TASK BRIEF: A verbatim restatement of the data, free of pictures, is what you should output.

INPUT DATA:

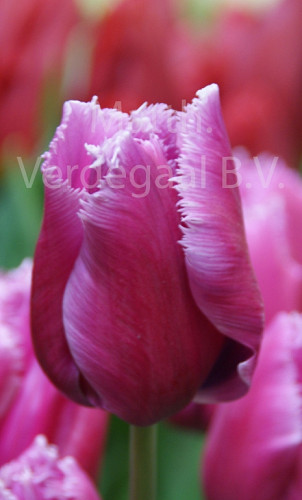 Tulipa Louvre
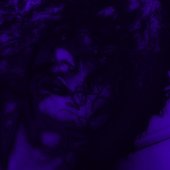 DVNOTS SPOTIFY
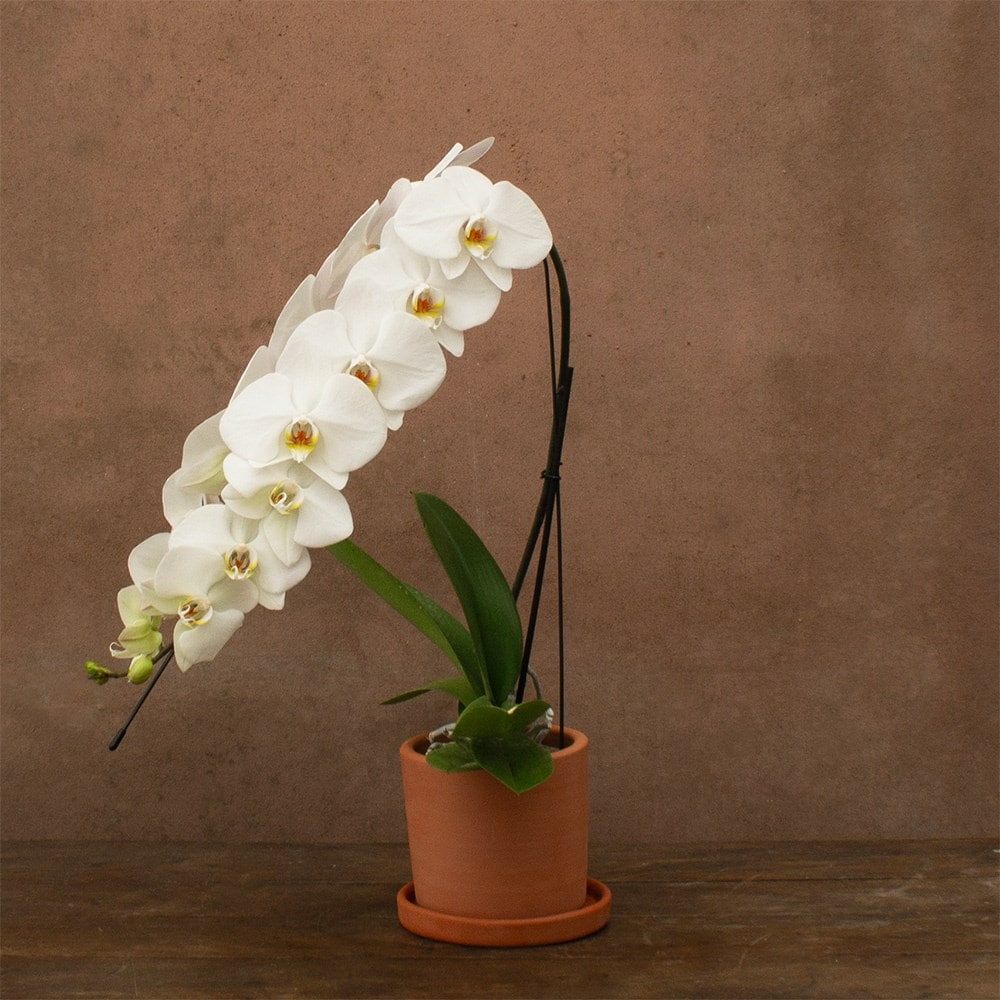 Product options image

PROBLEM SOLUTION:
 Tulipa Louvre
 DVNOTS SPOTIFY
 Product options image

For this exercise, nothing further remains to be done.